Gli appassionati del progressive e del metal lo conoscono soprattutto per la militanza con i Labyrinth, Vision Divine, Maze of Heaven e per il progetto musicale di progressive Space Rock dal nome Chaos Venture.

Tra le sue numerose collaborazioni si possono annoverare nomi come: Iron Maiden, Dream Theater, Black Sabbath, Deep Purple, Halloween e persino i nostrani Delirium.

Non è quindi un caso dunque che Andrea De Paoli sia uno degli ospiti più attesi per la seconda e ultima giornata di Fim; salone della formazione e dell’innovazione musicale. In quest’occasione il compositore è stato protagonista nella duplice veste di Musicista, assieme al percussionista Tony Liotta e insegnante, con una clinic dedicata alla storia della musica elettronica e i sintetizzatori.

Andrea De Paoli e Tony Lotta; due personalità trasversali, sotto il segno del ritmo?

Si due anime che s’incontrano fondamentalmente. La nostra storia è abbastanza originale perché risale al 2005. Io e altri musicisti italiani siamo stati chiamati a registrare alcune canzoni rivolte ai prodotti AKG. Il caso volle che lo studio fosse in Germania e proprio nella scuola di Tony. Sapevo che lui era un musicista fusion, quindi molto lontano dal mio stile, anche se quelle sonorità mi hanno sempre colpito. Io gli spiegai che avevo un modo di esprimermi musicalmente molto diverso dal suo, ma lui mi smontò subito con poche parole e un simpatico accento italo-americano: “Non mi rompere i c…..tu devi essere africano dentro!”

De PaoliIl feeling è stato immediato e siamo riusciti a progetti molto diversi fra loro, passando dal pop al funky, al rock, lavorando ai nostri mondi paralleli.

La tua ricerca sonora predilige i suoni digitali, specie i sequencer degli anni ’80, ma com’è il tuo rapporto con i suoni analogici?

Sicuramente un rapporto stupendo, perché penso che si possa riuscire a pescare il meglio da entrambi i mondi. Nonostante ci sia questa diatriba da anni, sul rapporto analogico/digitale. Il primo riesce a dare una perfezione sonora, quasi chirurgica, mentre l’analogico mantiene quelle imperfezioni armoniche e tonali che ne caratterizzano il suono. Io li utilizzo indistintamente, cercando di conciliare i linguaggi e sperimentarne la didattica.

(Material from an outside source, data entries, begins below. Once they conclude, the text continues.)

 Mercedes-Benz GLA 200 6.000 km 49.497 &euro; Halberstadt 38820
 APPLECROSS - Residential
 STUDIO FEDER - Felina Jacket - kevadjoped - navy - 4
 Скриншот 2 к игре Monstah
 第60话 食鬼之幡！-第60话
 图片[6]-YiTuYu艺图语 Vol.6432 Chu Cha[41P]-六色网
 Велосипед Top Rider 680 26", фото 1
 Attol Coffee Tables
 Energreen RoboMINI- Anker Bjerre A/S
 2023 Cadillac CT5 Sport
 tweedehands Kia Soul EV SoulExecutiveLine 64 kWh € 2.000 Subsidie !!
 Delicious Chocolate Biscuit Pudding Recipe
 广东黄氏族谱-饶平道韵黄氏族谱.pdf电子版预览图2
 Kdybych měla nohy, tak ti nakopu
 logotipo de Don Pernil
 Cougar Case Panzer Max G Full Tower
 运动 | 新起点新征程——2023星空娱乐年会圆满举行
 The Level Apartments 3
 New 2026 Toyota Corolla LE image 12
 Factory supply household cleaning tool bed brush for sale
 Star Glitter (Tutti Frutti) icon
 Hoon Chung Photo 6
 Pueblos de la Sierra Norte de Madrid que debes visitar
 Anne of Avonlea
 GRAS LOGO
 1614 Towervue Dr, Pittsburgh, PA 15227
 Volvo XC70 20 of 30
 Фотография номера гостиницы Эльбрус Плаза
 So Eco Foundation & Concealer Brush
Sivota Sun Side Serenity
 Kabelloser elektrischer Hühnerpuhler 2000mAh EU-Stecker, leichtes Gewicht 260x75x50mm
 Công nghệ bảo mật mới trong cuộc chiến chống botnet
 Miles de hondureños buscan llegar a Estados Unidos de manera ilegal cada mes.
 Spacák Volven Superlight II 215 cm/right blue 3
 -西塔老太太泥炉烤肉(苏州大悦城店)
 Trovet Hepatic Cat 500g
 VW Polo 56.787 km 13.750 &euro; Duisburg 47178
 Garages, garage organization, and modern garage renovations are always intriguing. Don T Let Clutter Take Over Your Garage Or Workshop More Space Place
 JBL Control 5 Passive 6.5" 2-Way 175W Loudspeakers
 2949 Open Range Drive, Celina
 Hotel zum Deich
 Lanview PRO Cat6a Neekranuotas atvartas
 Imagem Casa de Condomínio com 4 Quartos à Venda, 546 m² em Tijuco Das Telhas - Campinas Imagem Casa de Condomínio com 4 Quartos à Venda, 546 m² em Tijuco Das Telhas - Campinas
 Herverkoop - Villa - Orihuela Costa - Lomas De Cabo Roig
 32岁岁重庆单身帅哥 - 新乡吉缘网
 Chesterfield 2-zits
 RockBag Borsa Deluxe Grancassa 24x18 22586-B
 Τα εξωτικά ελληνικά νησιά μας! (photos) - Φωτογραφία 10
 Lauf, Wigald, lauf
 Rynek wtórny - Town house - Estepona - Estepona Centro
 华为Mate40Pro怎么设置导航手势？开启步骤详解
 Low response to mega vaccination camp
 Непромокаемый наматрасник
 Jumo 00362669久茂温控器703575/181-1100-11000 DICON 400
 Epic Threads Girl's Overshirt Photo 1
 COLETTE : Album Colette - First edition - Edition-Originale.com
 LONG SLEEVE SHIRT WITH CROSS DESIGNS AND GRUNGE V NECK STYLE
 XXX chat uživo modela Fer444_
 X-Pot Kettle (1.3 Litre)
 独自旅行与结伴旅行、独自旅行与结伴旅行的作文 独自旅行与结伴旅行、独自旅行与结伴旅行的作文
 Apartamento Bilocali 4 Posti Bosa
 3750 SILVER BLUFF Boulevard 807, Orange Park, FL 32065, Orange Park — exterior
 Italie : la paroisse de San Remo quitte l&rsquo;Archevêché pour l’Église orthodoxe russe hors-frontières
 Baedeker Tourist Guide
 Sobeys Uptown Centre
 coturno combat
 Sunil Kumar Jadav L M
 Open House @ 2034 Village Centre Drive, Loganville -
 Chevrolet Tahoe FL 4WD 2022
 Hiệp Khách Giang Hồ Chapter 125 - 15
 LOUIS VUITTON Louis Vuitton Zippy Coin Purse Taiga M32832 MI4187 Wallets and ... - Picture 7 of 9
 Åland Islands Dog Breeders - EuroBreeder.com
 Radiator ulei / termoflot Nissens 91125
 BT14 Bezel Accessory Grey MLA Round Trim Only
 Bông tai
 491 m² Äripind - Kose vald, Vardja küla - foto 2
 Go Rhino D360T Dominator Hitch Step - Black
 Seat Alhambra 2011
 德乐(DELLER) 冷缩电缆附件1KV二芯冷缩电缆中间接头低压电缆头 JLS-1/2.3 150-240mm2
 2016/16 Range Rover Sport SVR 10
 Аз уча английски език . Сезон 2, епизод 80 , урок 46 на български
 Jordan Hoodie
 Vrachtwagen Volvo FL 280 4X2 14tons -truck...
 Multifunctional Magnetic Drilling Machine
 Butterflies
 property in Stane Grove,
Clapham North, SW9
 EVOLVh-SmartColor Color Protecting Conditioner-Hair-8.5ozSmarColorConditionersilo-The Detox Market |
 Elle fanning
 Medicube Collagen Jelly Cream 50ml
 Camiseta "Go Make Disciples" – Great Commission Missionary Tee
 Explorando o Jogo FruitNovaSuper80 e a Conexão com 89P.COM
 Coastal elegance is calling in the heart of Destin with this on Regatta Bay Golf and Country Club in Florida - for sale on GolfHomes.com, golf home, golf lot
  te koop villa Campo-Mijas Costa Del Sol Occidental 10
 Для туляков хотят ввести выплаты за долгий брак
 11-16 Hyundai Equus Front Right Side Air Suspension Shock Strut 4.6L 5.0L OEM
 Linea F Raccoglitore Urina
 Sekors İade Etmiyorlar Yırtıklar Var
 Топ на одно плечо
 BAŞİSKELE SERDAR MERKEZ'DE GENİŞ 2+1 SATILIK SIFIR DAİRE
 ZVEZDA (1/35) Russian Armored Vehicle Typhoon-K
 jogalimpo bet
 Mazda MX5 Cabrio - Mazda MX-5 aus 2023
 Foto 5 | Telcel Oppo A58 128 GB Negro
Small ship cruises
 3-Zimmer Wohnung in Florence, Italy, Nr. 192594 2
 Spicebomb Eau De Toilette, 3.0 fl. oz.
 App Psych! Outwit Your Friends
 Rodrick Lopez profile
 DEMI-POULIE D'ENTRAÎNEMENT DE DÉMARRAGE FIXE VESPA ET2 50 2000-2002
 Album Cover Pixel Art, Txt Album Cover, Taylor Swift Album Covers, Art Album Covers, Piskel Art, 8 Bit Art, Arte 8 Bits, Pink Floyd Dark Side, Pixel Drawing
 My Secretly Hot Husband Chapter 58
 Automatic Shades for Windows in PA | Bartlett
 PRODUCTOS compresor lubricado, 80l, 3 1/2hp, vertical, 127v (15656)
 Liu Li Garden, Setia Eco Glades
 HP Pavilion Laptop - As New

Qual’è lo scopo principale del laboratorio di oggi?

Le clinic che sto portando in giro cercano di effettuare una cronostoria sull’evoluzione dei sintetizzatori, a partire dal 300 dopo Cristo. Molti non sanno che i sintetizzatori  nascono prima dell’avvento della corrente elettrica, poiché è insito nella loro natura, la capacità di generare più suoni con uno stesso strumento. Quindi ripercorrendo le tappe dell’evoluzione storica è possibile fare le dovute analogie con la tecnologia moderna; per esempio la ghironda, usata nel tardo medioevo, era uno strumento polifonico ante-litteram, oppure il player piano dei saloon che è stato il precursore del MIDI. A questo si aggiunge una parte dedicata alla teoria del suono, perché è importante dare degli elementi specifici su come si forma il suono, sia ai giovani, che ai pianisti che vogliono approcciarsi allo studio dei sintetizzatori, ma non hanno ancora le conoscenze adeguate. Sono tutti argomenti che ho trattato anche in un libro che uscirà a breve.